New York Times daily has published a report entitled "Imagining a Remapped Middle East", where it mentioned that, "The map of the modern Middle East, a political and economic pivot in the international order, is in tatters. Syria's ruinous war is the turning point. But the centrifugal forces of rival beliefs, tribes and ethnicities are also pulling apart the region
A different map would be a strategic game changer for just about everybody, potentially reconfiguring alliances, security challenges, trade and energy flows for much of the world, too.
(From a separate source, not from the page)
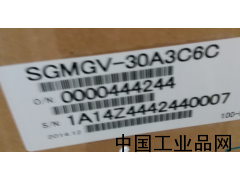 河北現貨供應SGMGV-30A3C6C安川伺服電機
Syria's prime location and muscle make it the strategic center of the Middle East. But it is a complex country, rich in religious and ethnic variety, and therefore fragile.
A different future is taking shape: a narrow statelet along a corridor from the south through Damascus, Homs and Hama to the northern Mediterranean coast controlled by the Assads' minority Alawite sect. In the north, a small Kurdistan, largely autonomous since mid-2012. The biggest chunk is the Sunni-dominated heartland.
Over time, Iraq's Sunni minority - notably in western Anbar Province, site of anti-government protests - may feel more commonality with eastern Syria's Sunni majority. Tribal ties and smuggling span the border. Together, they could form a de facto or formal Sunnistan. Iraq's south would effectively become Shiitestan, although separation is not likely to be that neat.
According to the report, Saudi Arabia can be divided into 5 statelet since there are internal, sectarian, tribal divisions. Therefore there will Northern , Eastern , Western , Southern Saudi and a Wahabi state.
Yemen can be divides into northern Yemen and Southern Yemen and a part of South Yemen's eventually merging with Saudi Arabia.
So Libya could devolve into two or even three pieces; Tripoli, Barka and one statelet in southwestern Libya.